We’ve paid off the house. Where should we invest our money now?
I have a pension of $500 a fortnight, I own my own home, and I’m single. I have $450,000 in the bank. My furniture and vehicle would be worth $25,000. Can I receive all or part of the old-age pension?
Your money in the bank will be given a hypothetical income of $427 per fortnight, which, together with your pension, will give you an income for retirement purposes of $927 per fortnight. Under the means test you will be entitled to a fortnightly pension of $718.
If I include three non-dependent adult children in my binding death benefit nominees, will they pay tax on their share of my retirement benefit? There seems to be some confusion because under the super law the term “dependent” includes children of any age, whereas in the tax code it generally only covers children under 18. Which definition applies?
If I nominate my Legal Personal Representative instead, will this avoid tax because the money goes to my estate and is later distributed under my will? My understanding is that in this case, no tax or “death tax” will be applied when my adult children inherit. Is this true?

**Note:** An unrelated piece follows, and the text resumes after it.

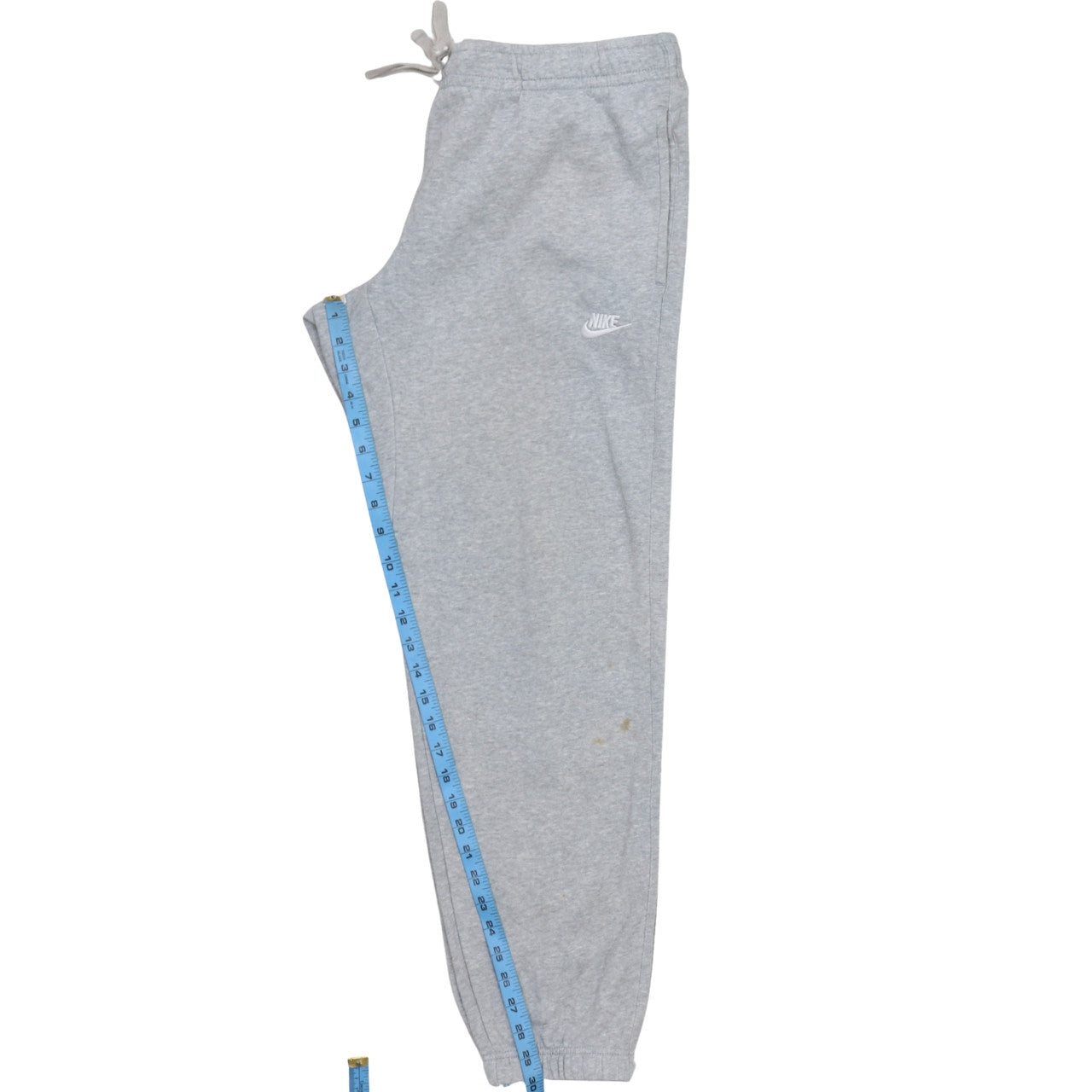 Nike Men Grey Fleece Jogger Sweatpants L Regular Fit Drawstring Trousers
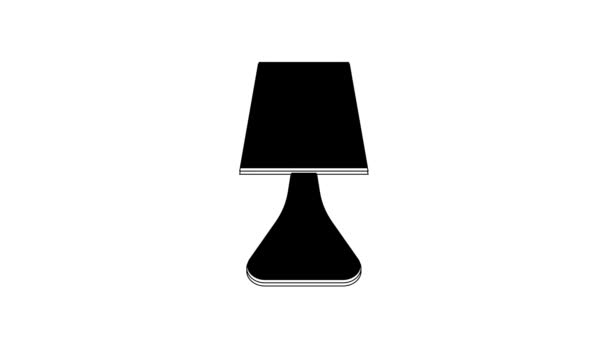 Zwarte Tafellamp Pictogram Geïsoleerd Witte Achtergrond Bureaulamp Video Motion Grafische — Stockvideo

Mindy Ding from the Entireti Technical team points out that pension law defines who a super fund can pay death benefits directly to, while tax law regulates how benefits are taxed when received by the beneficiary.
Children of all ages are considered dependents under the super law; Therefore, nominating your adult children to receive their inheritance outright is an option. However, the tax code considers children under 18 and financial dependents as dependents who are eligible to receive the death benefit tax-free; therefore, your adult children will be subject to paying taxes on the retirement benefit to the extent the payment contains a taxable component.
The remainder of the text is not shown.